At this fluid stage of my life, I didn't really feel like I had a story to tell.

Then, while going door-to-door selling real estate, I saw the light. I realized that my story is one of my most powerful forces. I spent three years knocking on doors. I had to have something to say that would avoid the cold rejection of a slammed door in my face.

Doing this, I had sold $15 million of real estate by the time I was 21. It taught me two things: I know a lot more about real estate than many so-called experts and that I've got an incredible story I can leverage.

I launched West Realty Advisors when I was 23. Now, that business generates roughly $30 million in revenue each year and operate in more than half of the country.

None of this happens if I'm still too hesitant to tell my story.

Even if you don't think you have anything special to say, develop an elevator pitch for yourself. What problem are you uniquely positioned to solve? Why should clients, investors or customers choose you over the next person they see?

There's great value in storytelling for entrepreneurs. Having a great personal story is the difference between a viral Huffington Post article about how your business is primed to disrupt the industry and having to beg friends with a Kickstarter.

Here are three reasons why it's important for entrepreneurs to develop a story -- and repeat it often!

Differentiate Yourself from Competitors

Especially now, as the Internet has presented people with so many options for services, people want to know your story.

The fundamental aspect of selling anything is to foster a connection. When investors choose to pump money into a product, the backstory is key. Where you've been can say a lot about where you're headed. Even if you think you have the most bland, boring backstory in history, look deeper.

Look to your inspiration and remember the spark that led to you to go down a path of entrepreneurship. You wanted to do something differently. You wanted to disrupt an industry. You wanted to achieve something no one has even thought of.

Start your story there.

It Will Improve Your Sales

I know what you're thinking. How does having a personal story lead to more conversions? Hear me out on this. If you can tell your story passionately, you can tell the story of your product or company passionately.

The first few weeks I went door-to-door, I was terrible. I didn't have a rhythm or anything planned out. I was just trying to survive.

Then I figured out my story. I figured out what people wanted to hear, and what led to them inviting me inside instead of ignoring me. I developed a story I could repeat ad nauseum, literally opening doors. The conversations I had once I was able to tell my story led to me launching West Realty Advisors.

When you have a compelling story, you answer the question, "Why are you worthy of my money?"

You Will Draw Interest

The toughest part of any company is generating sales. Many entrepreneurs waste so much money on advertising to get their name out there.

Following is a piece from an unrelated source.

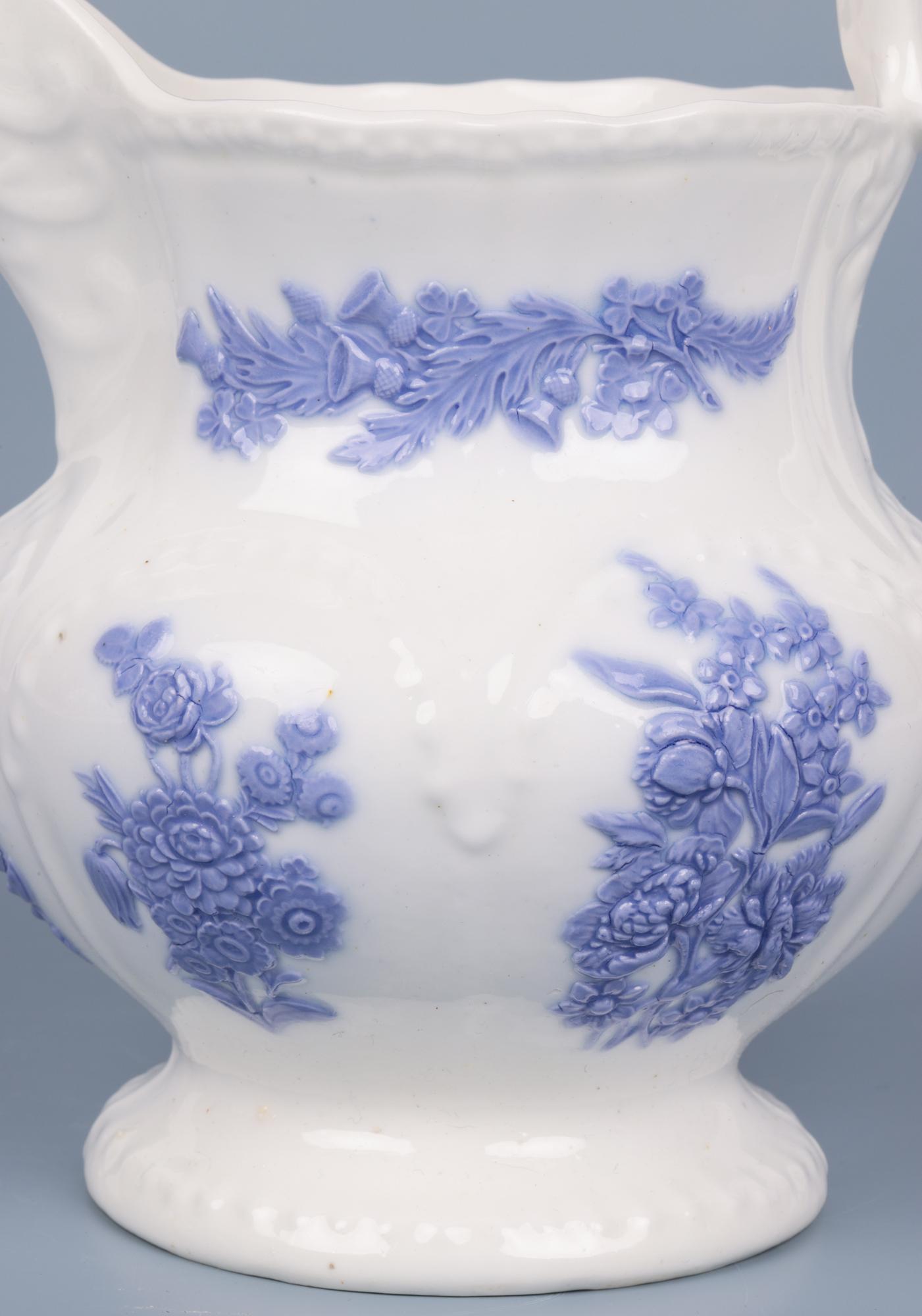 Regency Antica brocca in porcellana Staffordshire decorata con rametti di lillà in vendita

Having a compelling personal story can actually generate leads, encouraging those inspired by your story to seek you out. The way I see it, one placement or mention of your story on a site like Forbes or the Huffington Post is worth thousands of dollars of brand awareness advertising.

Once people hear your story, you will be top of mind. Other than price point, a powerful story connection is probably the biggest magnet you have. Once you have it so well developed that it's practically an elevator pitch, telling this story will seem natural and effortless.

Soon, you'll have another chapter to add: success.